Pope visited Israel's Western Wall and Yad Vashem Holocaust Museum in 2000
The strapping Polish seminarian gathered up into his arms the starving Jewish girl who had just been liberated from a Nazi forced labour camp.
Now, Edith Zierer, 74, remembers the warm look in Karol Wojtyla's eyes and on Saturday she mourned the death of the man who became Pope John Paul II.
"He was a kindred spirit in the greatest sense -- a man who could save a girl in such a state, freezing, starving and full of lice, and carry her to safety," she told Reuters. "I would not have survived had it not been for him."
Polish-born Zierer was 13 when she ran away from the Nazi camp at Czestochowa in Poland after the Soviet army liberated it in January 1945, five months before World War Two ended in Europe.
She was heading towards her home town in Poland to find her family, who she would later learn had died in the Holocaust. Exhausted, she reached a train station and sat there for two days without food or water while people ignored her.
"Suddenly, there he was," Zierer said, referring to Wojtyla. "He brought me some tea and two pieces of bread with cheese and then carried me to a train carriage. He sat with me and put his cloak on me because it was freezing."
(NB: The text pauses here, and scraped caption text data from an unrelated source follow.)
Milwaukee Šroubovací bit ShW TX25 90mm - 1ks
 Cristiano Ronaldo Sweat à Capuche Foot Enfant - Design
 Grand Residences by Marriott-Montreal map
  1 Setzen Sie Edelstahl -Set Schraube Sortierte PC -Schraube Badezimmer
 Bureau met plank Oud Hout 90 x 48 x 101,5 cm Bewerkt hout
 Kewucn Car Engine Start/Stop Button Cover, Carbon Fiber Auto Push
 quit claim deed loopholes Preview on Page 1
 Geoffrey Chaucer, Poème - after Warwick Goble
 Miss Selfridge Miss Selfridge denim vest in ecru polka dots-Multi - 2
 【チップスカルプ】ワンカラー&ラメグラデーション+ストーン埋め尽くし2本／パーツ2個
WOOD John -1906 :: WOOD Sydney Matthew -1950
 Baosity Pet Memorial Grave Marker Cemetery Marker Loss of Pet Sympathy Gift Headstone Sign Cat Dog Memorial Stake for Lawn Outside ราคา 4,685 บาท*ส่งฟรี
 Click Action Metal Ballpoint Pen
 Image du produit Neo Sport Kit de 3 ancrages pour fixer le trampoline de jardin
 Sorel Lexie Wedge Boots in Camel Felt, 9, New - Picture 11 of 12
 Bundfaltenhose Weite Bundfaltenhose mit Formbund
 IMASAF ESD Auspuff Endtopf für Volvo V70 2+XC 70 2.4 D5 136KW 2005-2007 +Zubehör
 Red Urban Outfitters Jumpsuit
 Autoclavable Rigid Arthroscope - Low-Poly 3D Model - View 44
"We came to Krakow and then I ran away because people started to ask why a priest was walking with a Jewish girl."
After spending a few years in orphanages in Poland and France, Zierer immigrated to British-mandated Palestine, where she later married and bore a son and daughter in what became Israel. She now has five grandchildren.
She wrote to Wojtyla after he became Pope in 1979, saying she was the little girl he had saved at the train station in Poland decades ago.
After a correspondence ensured, the Pontiff invited her to the Vatican in 1998. She last met him in 2000, when he visited Israel on a millennium pilgrimage and met several survivors at the Vad Vashem Holocaust museum.
"I did not cry at the Vatican but at Yad Vashem, I just burst into tears," she said.
She said she and the Pope kept up their correspondence, writing mostly during Christmas and before birthdays.
"I received a letter from him last year and I knew it was the last," she said. "He included a picture from his private collection and his handwriting was very shaky. I wrote to thank him for the memory that never left."